Monday, February 22, 2010

Tool

Ah yes, the dual meaning title...

I've become a reasonably ok bike mechanic. When I say reasonably ok I do not in any way mean that you should trust me to work on your $5000 bike and not eff it up, but I at least trust myself to work on my own expensive bike and then ride it. I do have a bad habit though of letting maintenance type stuff go way too long and then of course it ends up being more expensive and a big pain in the ass. Case in point: I finally got around to pulling apart the whole front end of my steel cross bike for the first time in 2 years. Let's just say that I got some quality time with some sandpaper while I cleaned the rust off of the steerer tube. Anyways... so my latest is that the rear shifting on my road bike has been getting kinda stiff and flaky for a while. I knew it was time to change out the lower piece of housing at least and probably replace the cable too. Well tonight I tried to just swap out the housing and grease up the cable a little. Lacking a very good cutter (the proper TOOL), the ends of the housing were a little ragged. In the process of threading the used cable through with it's imperfect end, I got a couple of strands caught and proceeded to peel them a ways back and basically destroy the cable. Of course I didn't have a spare on hand. So I have now disabled my bike over a $2 part because I procrastinated and wasn't careful (I am a TOOL). Ah well... easy problem to back out of at least.

5 comments:

solobreak said...

Buy 10 cables now. And a roll of good housing. Get the Shimano cable cutter if you can. The Park will do though.

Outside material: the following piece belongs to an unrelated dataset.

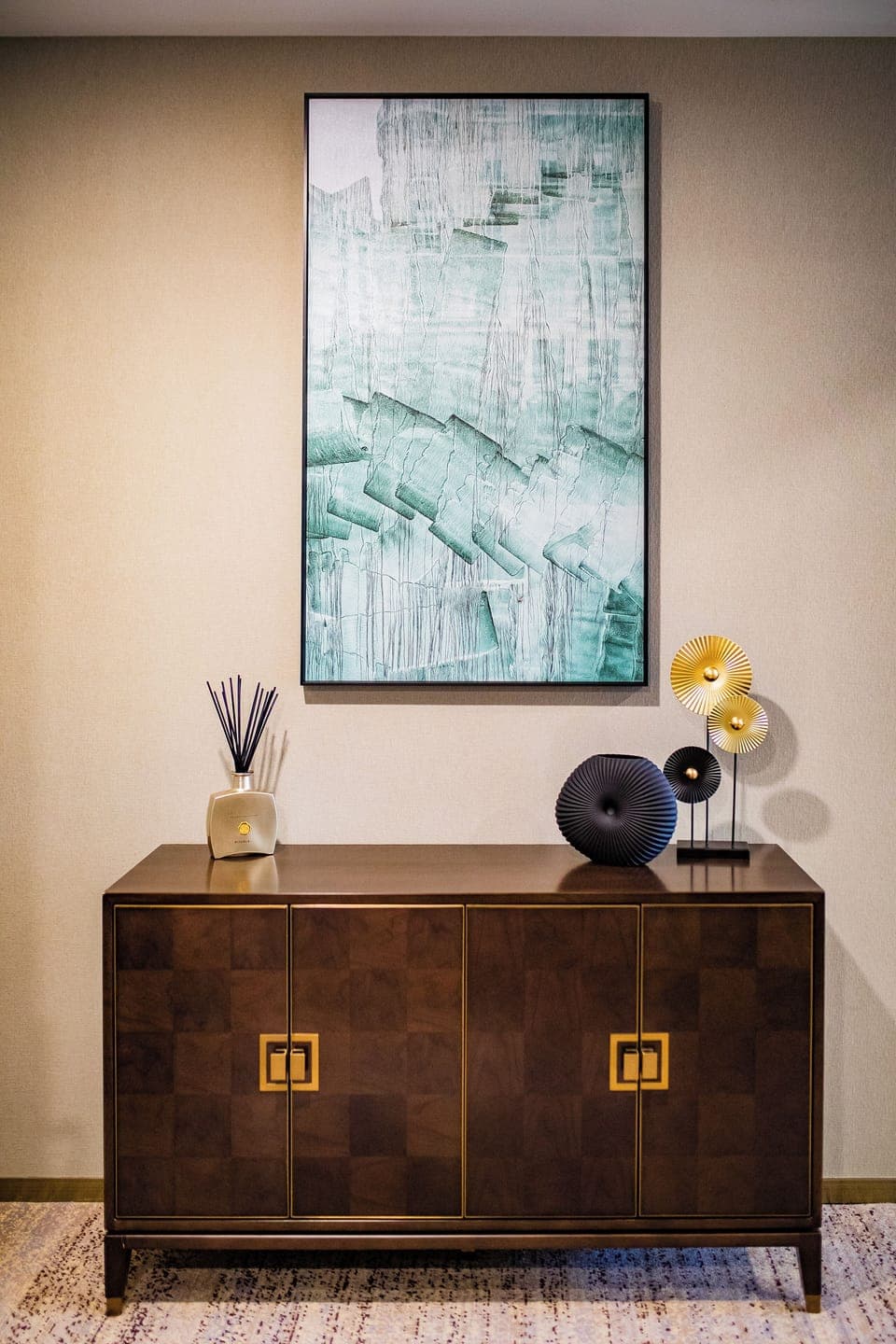 Executive Room, 1 King Bed | Premium bedding, minibar, in-room safe, desk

The steerer tube - the rust was probably not an issue, but I'm surprised Mike didn't paint it. Even cheap steel forks usually have a token effort at a paint job on them just to keep them from getting too rusty in the warehouse. But a lot of small builders I've seen are notorious for just leaving bare tubing laying around getting rusty and then worrying about it later.

trackrich said...

Mike seals all the tubes except the spots he can't (steerer, head tube, seat tube). For those he treats it with Frame Saver and then he told me straight out to clean and re-treat once a year. I just got lazy.

Yes, I need a good cutter. I had enough spare housing, I just did a crappy job cutting it. I had some lightly used cables too, but my bikes require a full-length brand new cable to be long enough. These were off of older bikes so they were a hair too short.

solobreak said...

Yeah you probably need tandem cables don't you?

trackrich said...

Almost. I pretty much just throw a new cable on there and don't cut it. Cable length out of the box isn't uniform so I have come across some that were too short.

Scott Sweeney said...

Rich, if you have a dremel tool, you should hit the ends of the housing with it to make that nice and smooth. Cool little trick that Jeff showed me. No more fussing with the ends of the housing and worrying about a frayed cable. And yea, you need a good cutter!